The provincial labour
department yesterday filed a complaint to the Arbitration Council
against the hotel, which has reportedly sacked 66 of its 90 employees,
dismissals which came after the workers formed a union early last month.
The hotel’s owners told provincial labour officials in a
meeting last Wednesday that they planned to rehire the employees.
However, as of yesterday, they were reportedly refusing to reinstate the
workers.
“The owners informed me that they would not rehire the
employees that they fired from their hotel.
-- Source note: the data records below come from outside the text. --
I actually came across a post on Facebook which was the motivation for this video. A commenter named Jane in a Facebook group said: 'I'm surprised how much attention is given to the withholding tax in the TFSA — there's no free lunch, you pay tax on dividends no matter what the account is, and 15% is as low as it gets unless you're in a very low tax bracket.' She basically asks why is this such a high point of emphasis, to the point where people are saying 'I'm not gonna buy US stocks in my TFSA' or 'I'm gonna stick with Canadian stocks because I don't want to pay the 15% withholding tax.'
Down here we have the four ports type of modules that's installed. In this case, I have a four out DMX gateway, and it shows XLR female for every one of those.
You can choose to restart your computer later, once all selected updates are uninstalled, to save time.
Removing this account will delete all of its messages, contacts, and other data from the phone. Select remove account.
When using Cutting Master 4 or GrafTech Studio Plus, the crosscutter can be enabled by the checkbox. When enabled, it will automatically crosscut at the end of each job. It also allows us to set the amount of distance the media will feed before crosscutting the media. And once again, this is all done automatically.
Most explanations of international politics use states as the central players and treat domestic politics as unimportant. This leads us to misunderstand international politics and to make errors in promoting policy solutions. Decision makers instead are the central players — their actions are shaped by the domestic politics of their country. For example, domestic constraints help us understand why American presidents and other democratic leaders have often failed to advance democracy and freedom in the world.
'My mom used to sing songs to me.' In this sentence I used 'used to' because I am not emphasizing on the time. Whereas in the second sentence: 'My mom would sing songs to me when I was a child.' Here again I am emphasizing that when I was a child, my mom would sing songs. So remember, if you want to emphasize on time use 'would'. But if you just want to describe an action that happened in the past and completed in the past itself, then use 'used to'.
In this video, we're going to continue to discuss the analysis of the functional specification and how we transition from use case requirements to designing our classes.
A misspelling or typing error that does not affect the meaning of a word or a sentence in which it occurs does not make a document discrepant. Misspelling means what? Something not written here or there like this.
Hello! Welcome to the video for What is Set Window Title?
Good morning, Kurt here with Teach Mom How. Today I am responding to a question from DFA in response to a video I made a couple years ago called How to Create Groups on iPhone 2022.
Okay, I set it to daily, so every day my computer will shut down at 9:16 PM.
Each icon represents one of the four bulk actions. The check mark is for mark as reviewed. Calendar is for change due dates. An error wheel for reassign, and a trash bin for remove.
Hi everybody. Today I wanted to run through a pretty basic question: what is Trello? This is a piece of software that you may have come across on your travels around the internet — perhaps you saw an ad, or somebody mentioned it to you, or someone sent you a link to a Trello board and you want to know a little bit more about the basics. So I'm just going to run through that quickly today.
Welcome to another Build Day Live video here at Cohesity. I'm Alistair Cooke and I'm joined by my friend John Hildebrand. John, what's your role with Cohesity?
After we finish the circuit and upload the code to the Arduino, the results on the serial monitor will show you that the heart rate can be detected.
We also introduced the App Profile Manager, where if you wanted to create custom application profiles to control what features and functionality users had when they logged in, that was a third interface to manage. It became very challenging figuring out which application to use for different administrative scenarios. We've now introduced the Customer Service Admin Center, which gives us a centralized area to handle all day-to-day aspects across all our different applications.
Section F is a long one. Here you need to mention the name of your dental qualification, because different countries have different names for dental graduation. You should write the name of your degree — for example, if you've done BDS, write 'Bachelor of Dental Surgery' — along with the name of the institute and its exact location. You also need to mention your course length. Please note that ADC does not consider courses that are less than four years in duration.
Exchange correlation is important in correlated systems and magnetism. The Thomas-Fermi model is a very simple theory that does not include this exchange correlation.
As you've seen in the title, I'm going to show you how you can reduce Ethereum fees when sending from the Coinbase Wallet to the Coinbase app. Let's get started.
However, they did agree to
pay compensation in accordance with the labour law to the 66 employees
that were fired,” labour department chief Chan Sokhom Cheta said
yesterday.
He added that his department had filed the complaint to the Arbitration Council.
Moeun
Tola, head of the labour programme at the Community Legal Education
Centre, said yesterday that in Siem Reap, hotel owners often initially
clash with newly-formed unions, but eventually compromise with the
unions in order to maintain their reputations.
Representatives of
the Angkor Village Resort Workers Union claimed last week that the
owners had accused some employees of poisoning fellow staff members’
food as an excuse for firing them.
Vice president of the
Cambodian Tourism and Service Workers Federation, Morm Rithy, said he
was hopeful the Arbitration Council would resolve the dispute.
“Before
[the owners] told the department of labour that they fired workers due
to a financial crisis, but on Saturday they claimed they were wary of
the employees’ character,” he said.
Owners of the Angkor Village Hotel and Resort could not be reached for comment yesterday.